Returns equaling, much less exceeding, investments makes for a sound economic precept --- yet, how conducive it is for a foray into areas virgin to investment, is perhaps a more debatable concern. Central Asia is a valuable asset to its neighbourhood in that, the hydro-carbon rich region is a strategic flashpoint too. It functions as a very effective demarcation between Asia and Europe. That apart, socially, culturally and historically, it tantamounts to a veritable cross-section of the Islamic world, the former Soviet states, and a more secular, but sufficiently expressive, image of Middle Eastern conditionalities. Hence, no parameters could actually justify a sidestepping of the region.

India could share its technical prowess in a wide array of disciplines, with the Central Asian Republics. Education, the medical sciences and information technology qualify as the most crucial exports that India could offer to Central Asia. The region on the other hand could, apart from its traditional exports and rich hydrocarbon reserves, also aid the Indian cause by sharing its expertise in areas like cultivation of arid lands, water management and the generation of economical hydel power projects.

The absence of an agreeable transport corridor has been posited as one of the reasons why India has not been able to optimise its profile in Central Asia. Yet, it belittles any understanding of foreign relations to believe that the absence of traditional transport corridors is a reason good enough to not cultivate better ties in today’s day and age.

India has in all probability lost the chance --- and in all certainty, the race --- to enhance its chances in Africa.
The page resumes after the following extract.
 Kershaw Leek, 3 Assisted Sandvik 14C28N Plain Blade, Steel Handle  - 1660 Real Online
But the conjoin of history may still argue India’s case in Central Asia. Not all is negative in a competitor. Beijing’s policies may not always excite emulation, but in its African and Central Asian experience it certainly does. The suggestion is not to support the perpetuation of undemocratic or brute regimes in resource rich countries; but that can be India’s own paradigmatic shift from the Chinese prescription. There most definitely are countries in these two regions that could be engaged with, while abiding by the ethos of democracy and humanitarian governance.
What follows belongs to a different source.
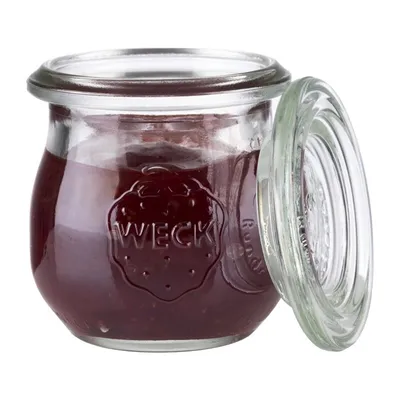 Image de APS 82350 APS Weck-Glas mit Deckel, Tulpen-Form, 75 ml, 12er Set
At yet another level, the economies of Africa and Latin America have never grown as fast as they have today with Chinese involvement. In all likelihood, this trajectory would perhaps finally bear the trickle-down effect that the aid philosophy seems to so obviously have disappointed.

Akin to the economic trickle-down that China seems to have aided in some measure, India could perhaps, by a more pro-active policy engagement in the two regions, also --- not entirely, inadvertently --- help the cause of a more vibrant political and democratic ethos in Africa and Central Asia. The cause of energy security and strategic concerns no doubt is the starting point of the suggested involvement in Africa and Central Asia, yet realpolitik has never really been oblivious to the spread of democratic principles as a by-product --- and therein, would lie the novelty of the Indian endeavour.


1. "The New Colonialists," The Economist, London, Vol. 386, Number 8571, March 15, 2008, p. 13.